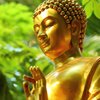 Buddha's Flute - Calming Flute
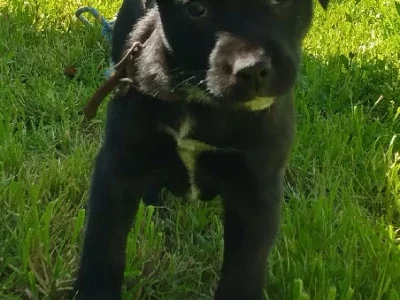 Australian Cattle Dog – Dubbo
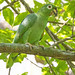 Mealy Parrot (Amazona farinosa) 1 032624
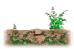 prairie_dog_sw.gif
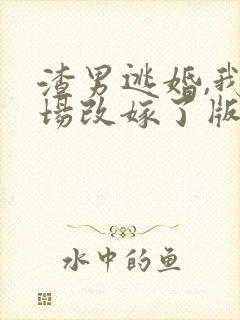 渣男逃婚,我当场改嫁了版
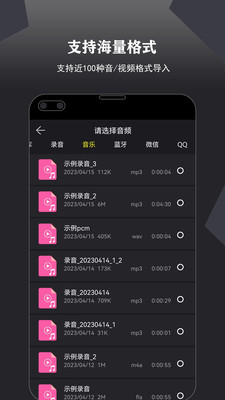 卷音录音机安卓免费版图2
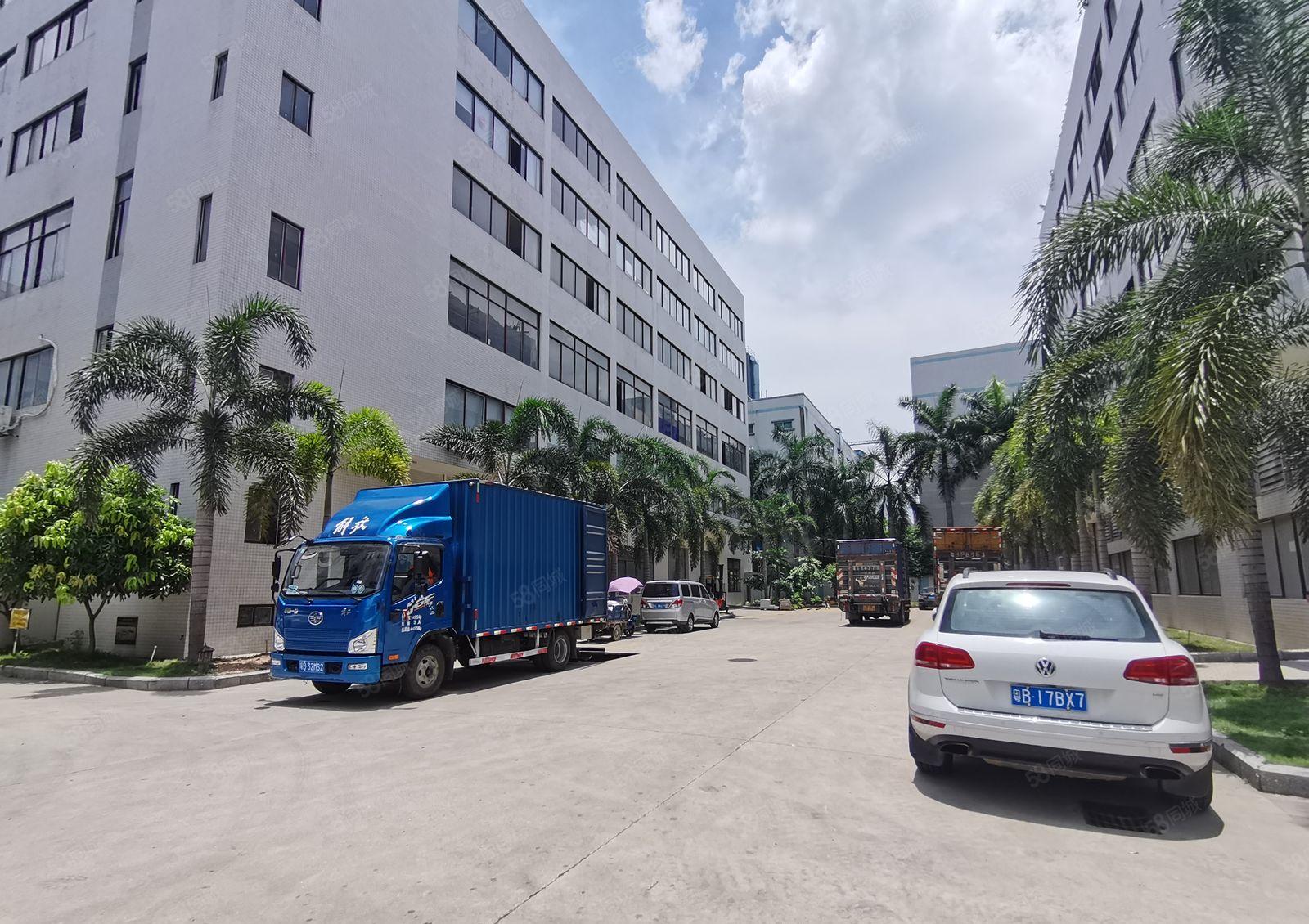 光明12000高新补贴厂 房出租，免租半年1000平起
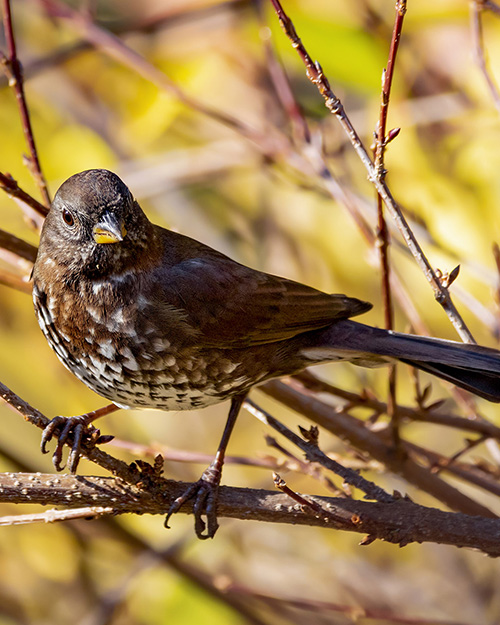 Fox Sparrow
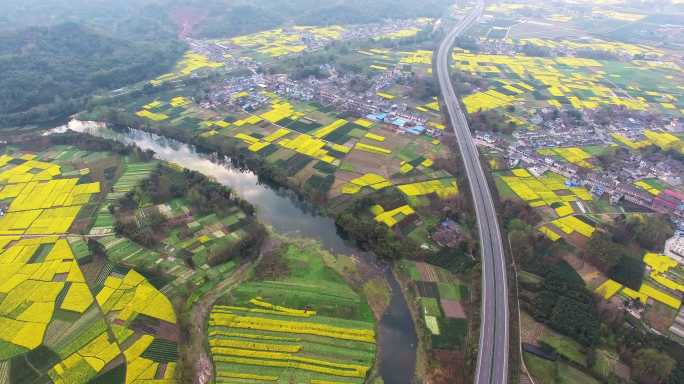 航拍四川春天的油菜花地农村美景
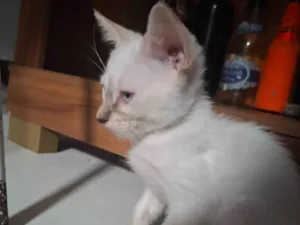 Gato raça Exótico idade 2 a 6 meses nome Sem nome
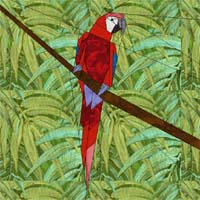 Indische papegaai - gratis blok van de maand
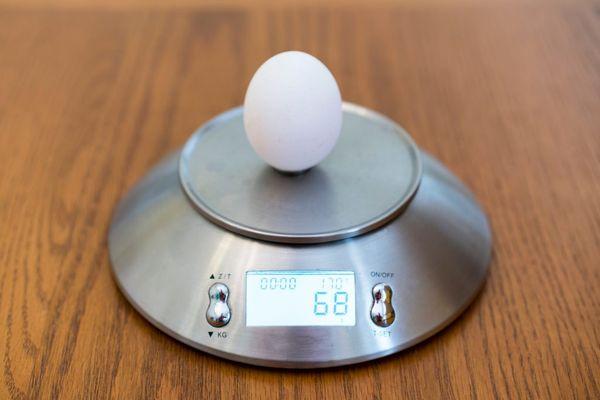 egg on scales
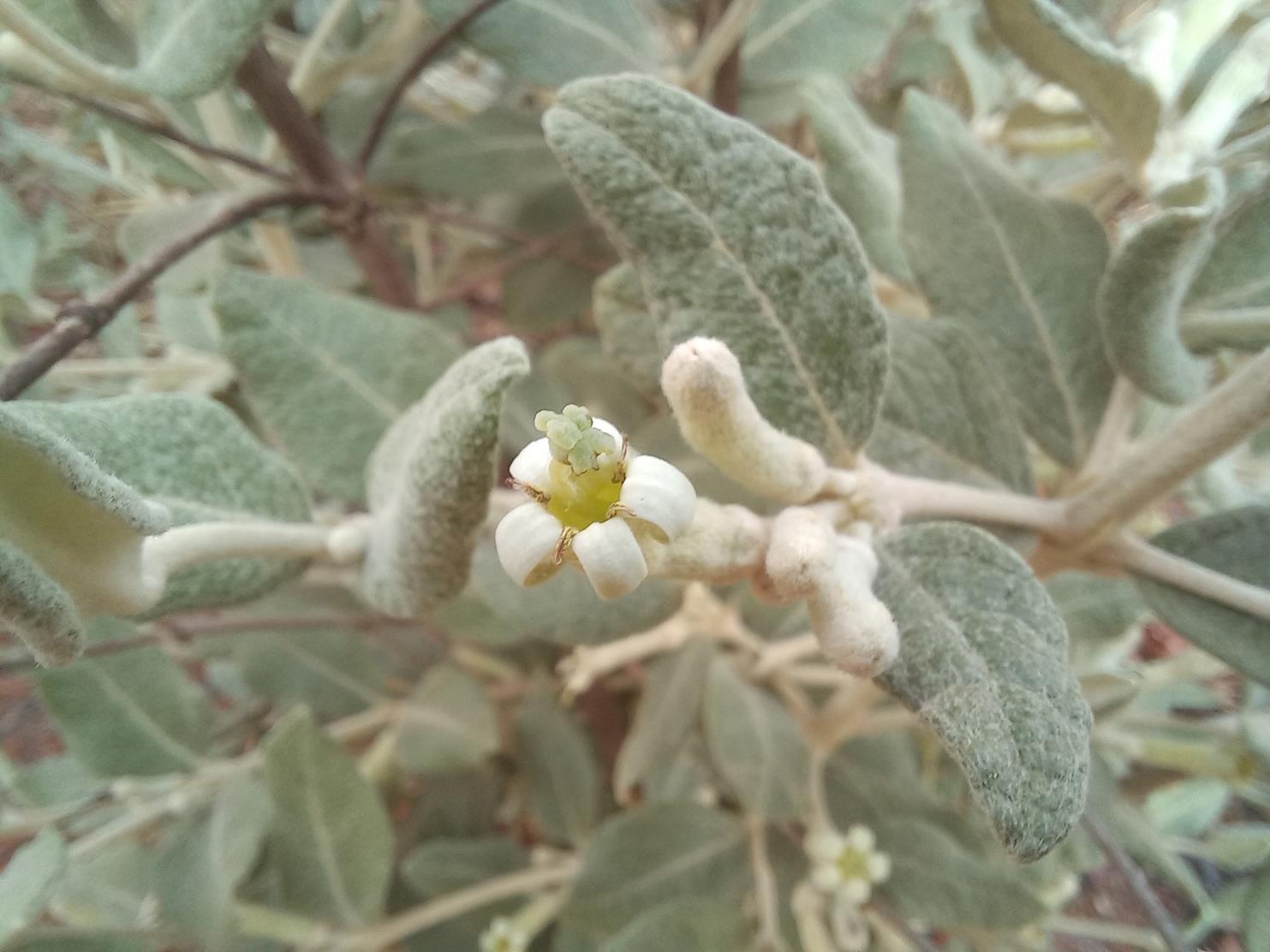 Fadogiella rogersii Fadogiella rogersii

#### [Exercise details]
What is needed is an exact output of the records above, with every picture left out.

#### [Result below]
 Buddha's Flute - Calming Flute
 Australian Cattle Dog – Dubbo
 Mealy Parrot (Amazona farinosa) 1 032624
 prairie_dog_sw.gif
 渣男逃婚,我当场改嫁了版
 卷音录音机安卓免费版图2
 光明12000高新补贴厂 房出租，免租半年1000平起
 Fox Sparrow
 航拍四川春天的油菜花地农村美景
 Gato raça Exótico idade 2 a 6 meses nome Sem nome
 Indische papegaai - gratis blok van de maand
 egg on scales
 Fadogiella rogersii Fadogiella rogersii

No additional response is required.